In his designs for Frankfurt’s Riverpark Tower, architect Ole Scheeren is addressing one of the big issues of the contemporary city: what do we do with the architecture that recent history has left us? There is a layer of legacy between the historic (the fabric which has been preserved and conserved and which all cities value as a marker of authenticity and rootedness) and the contemporary.

It constitutes a huge inventory of buildings designed for different demands — buildings that are often now in the wrong place or have the wrong use inscribed into their structures. One such is this typically corporate concrete tower from the 1970s on the banks of Frankfurt’s river Main.

Scheeren, a German-born architect whose work had mostly been in Asia, where towers are much more part of the language of living, looked at the building not as an eyesore but as a piece of pure potential. The smartness of his solution lies in looking for what this existing structure could offer that a more conventional new-build might not.
The answer lay in its massive, commercial-scale floor-plates. With its structural frame, rather oddly, at the corners (rather than being distributed more evenly) the building allows huge, uninterrupted windows. The architects have then slotted apartments like randomly left, half-open drawers into the existing structure. Scheeren calls them “panorama plates”.

Next, the top was chopped off and replaced by a pixelated penthouse structure, which reduces the blocky appearance of the tower, breaking it down a little on the skyline and reducing its impact on the edge of the city. The effect is slightly reminiscent of Scheeren’s breaking-down of massive structures into more manageable blocks, notably the Interlace in Singapore and the MahaNakhon tower in Bangkok. It is a motif adopted by others, including Herzog & de Meuron (56 Leonard in New York).
The design has allowed the developer, German Estate Group, to create a tower of a scale that might not have received permission had the building not already existed. From the city’s point of view, there was already a defunct structure here and the community accepted its bulk and presence; the new version, therefore, will not be considered intrusive or too large. Indeed, the fragmented volume of the new design appears to reduce the building’s physical presence.

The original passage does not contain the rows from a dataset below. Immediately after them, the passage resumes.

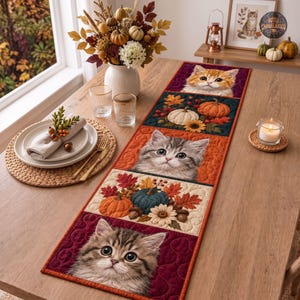 May include: A rectangular quilted table runner featuring alternating panels of kittens and autumn harvest motifs. The design includes three kitten portraits and two panels with pumpkins, sunflowers, and fall leaves in shades of orange, red, and teal.
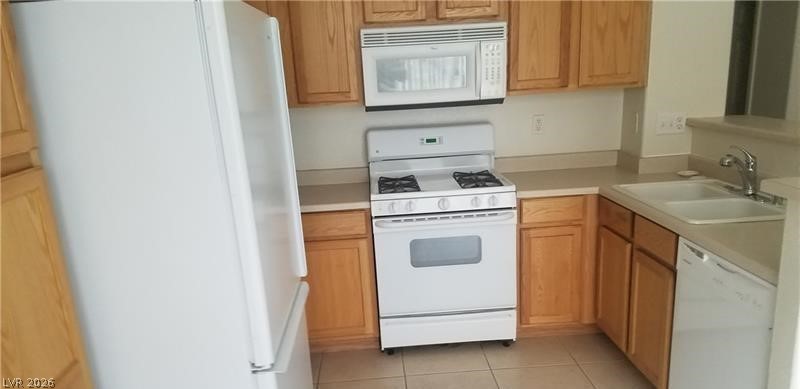677 Principle Point Avenue Henderson, NV 89012 - Photo 9 of 40 Kitchen with white appliances, light countertops, and light tile patterned flooring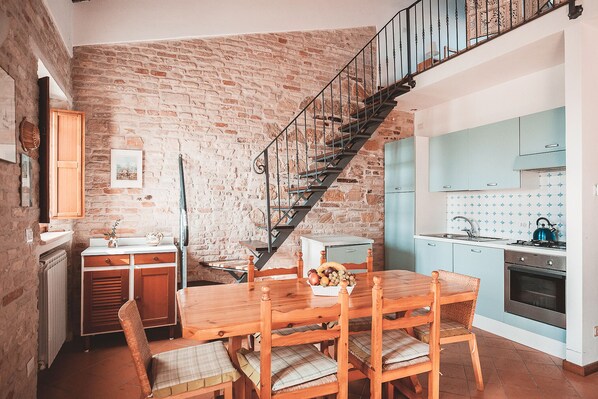 A kitchen with a brick wall, a wooden dining table with chairs, a staircase, and a sink. - Apartment with a pool in the Tour des Palmiers with ocean views—5 minutes from the beach (Marche)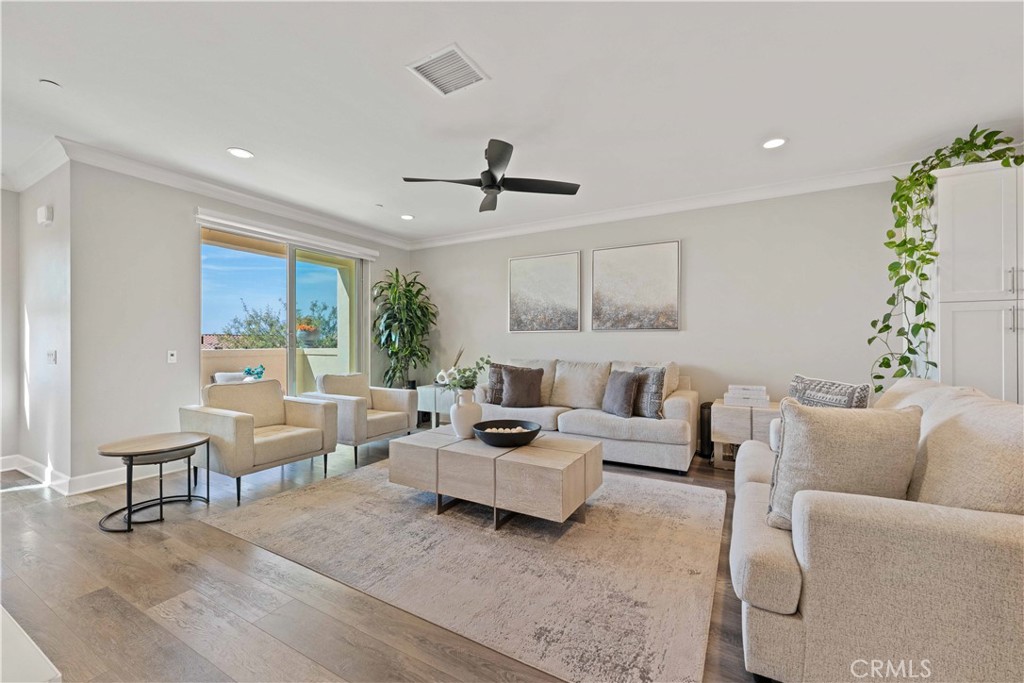 135 Alder Ridge Lake Forest, CA 92610 - Photo 14 of 30 a living room with furniture ceiling fan and a window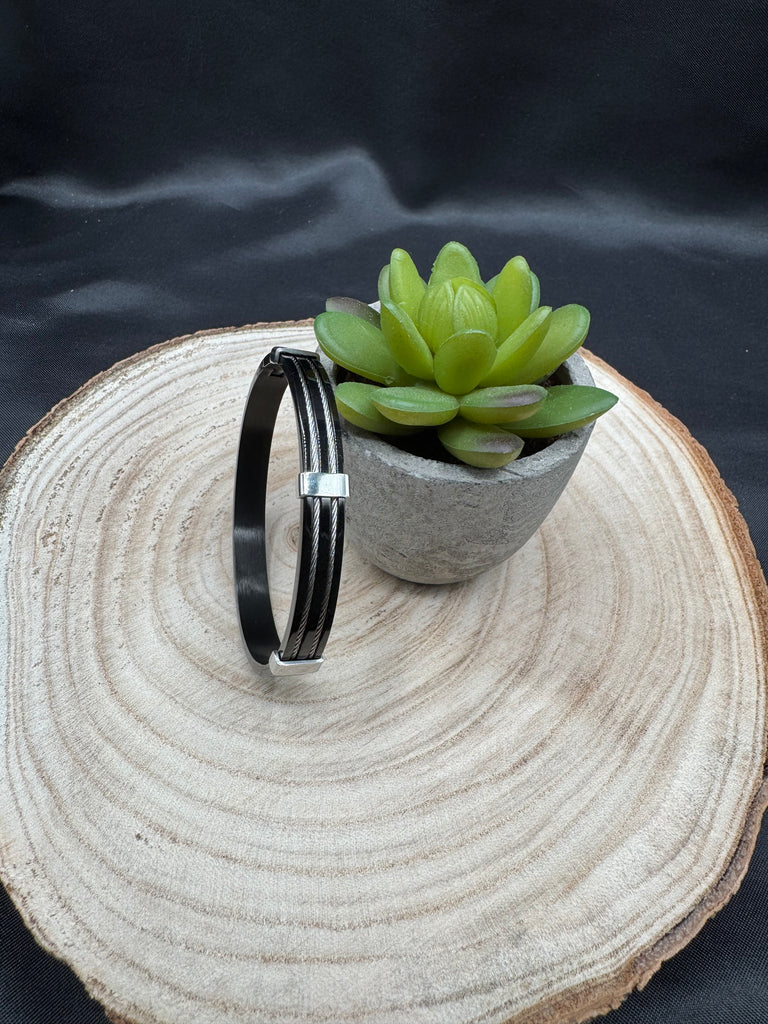 Black metal with silver wire bangle type bracelet
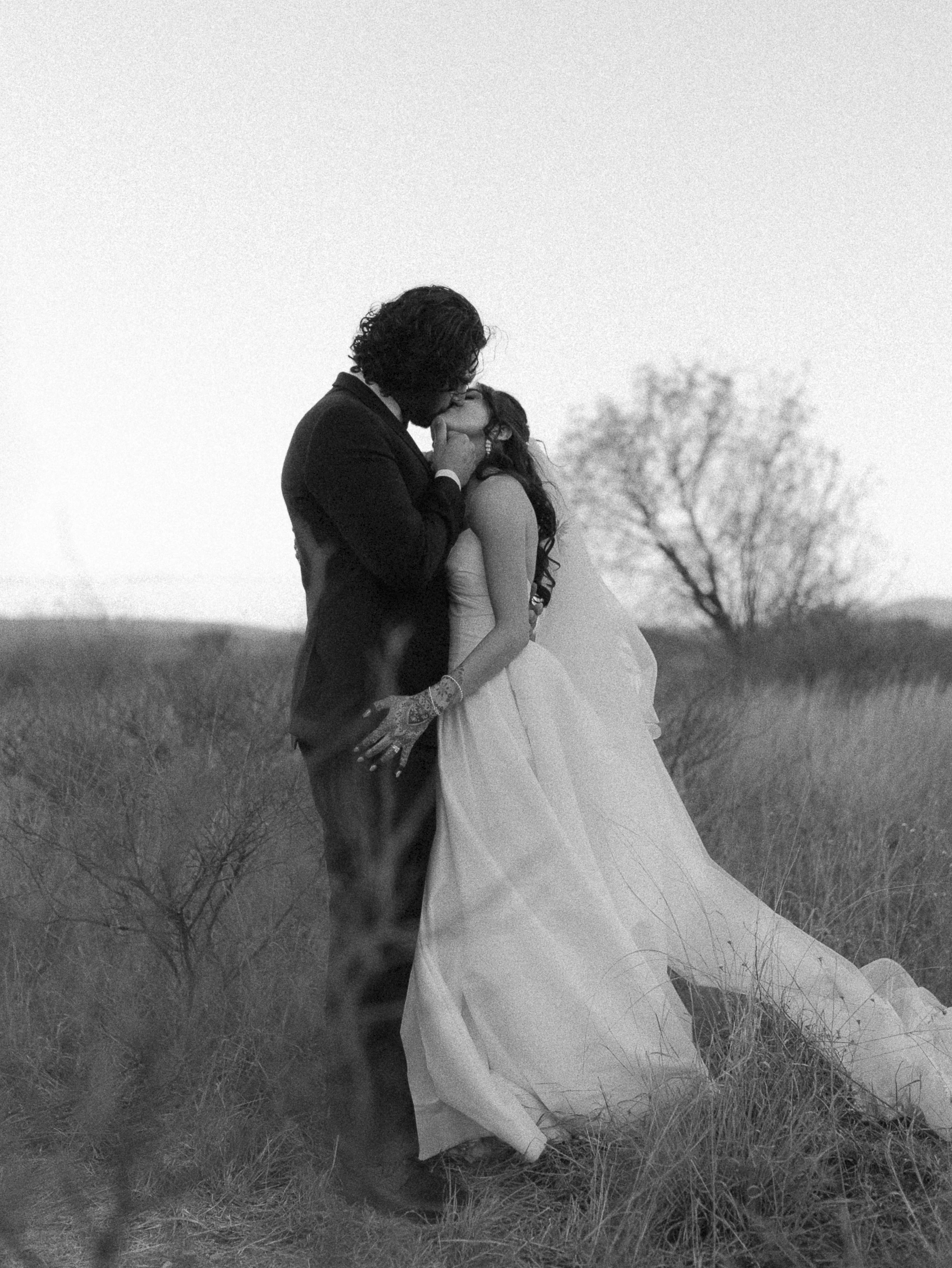 A black and white photo of a couple kissing in a field, with one wearing a wedding dress and the other in a suit.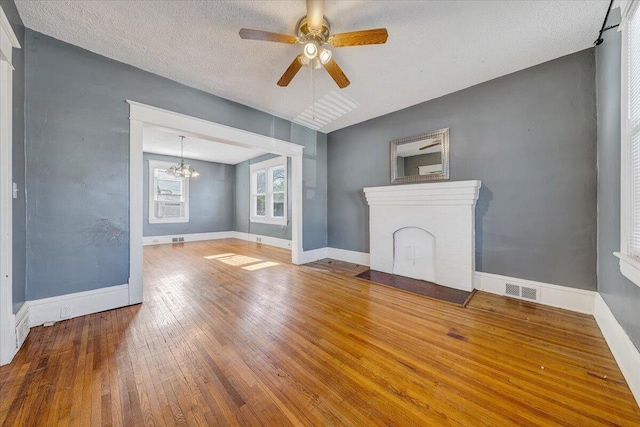 unfurnished living room with ceiling fan with notable chandelier, hardwood / wood-style floors, and a textured ceiling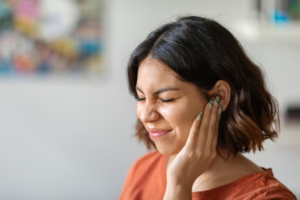 is ear pain normal after tooth extraction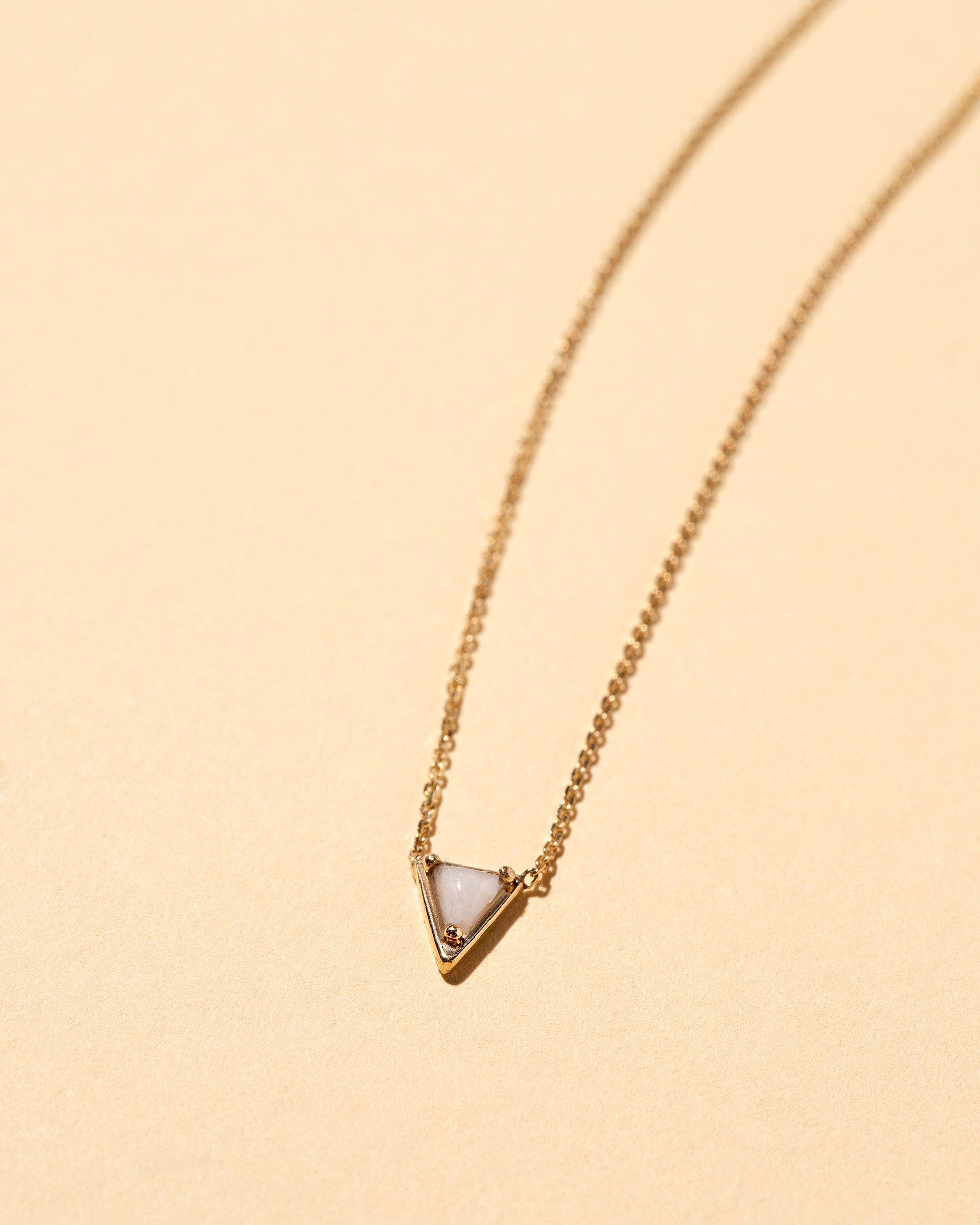 Closeup details of the Gold Snowdrift Agate Triangle Necklace on light color background.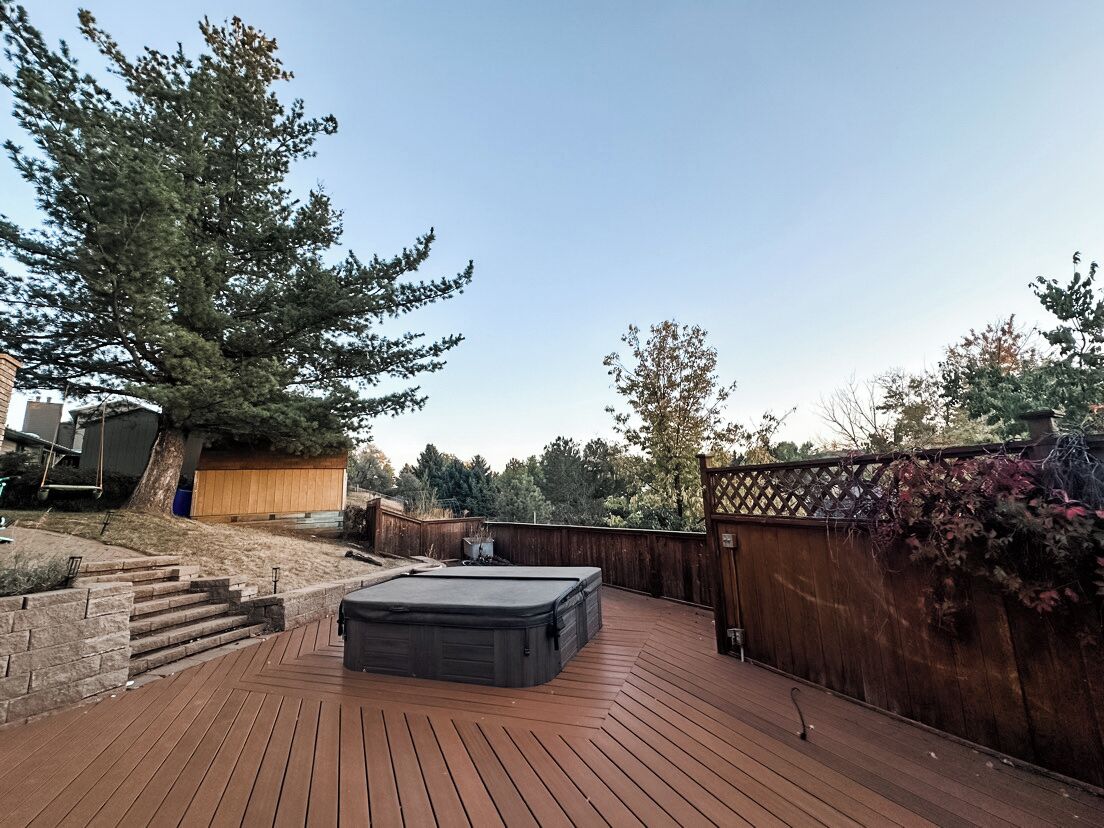 A deck with a hot tub, a wooden fence, and a large tree.
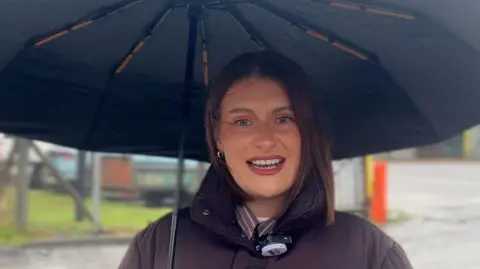 Woman with umbrella, mid speaking. She is wearing a brown jacket and is holding a black umbrella over her head.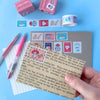 Card with decorative stamps and stationery items on a blue background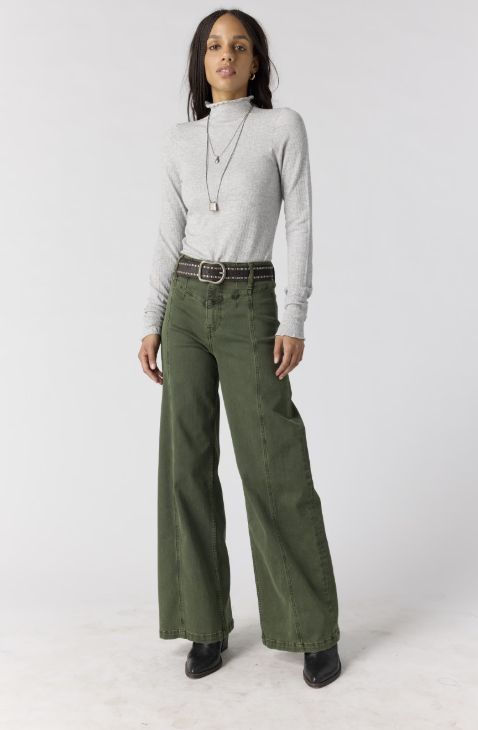 Woman wearing grey body fitting mock neck top with green pants on plain background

Yet more than this, the project potentially solves the shocking and commonplace waste of demolishing and replacing huge structures. There is a tendency to reject the immediate past while looking nostalgically on a slightly more distant period — but it is, of course, a cycle.
If we could, as Scheeren has done, look for what is good, interesting and worth preserving in the often derided and overlooked architecture of the unfashionable, we might find opportunities for doing something genuinely different while maintaining the memories inscribed into the city skyline. There is no reason this building should not itself be radically remodelled in another 30 years. Concrete lasts.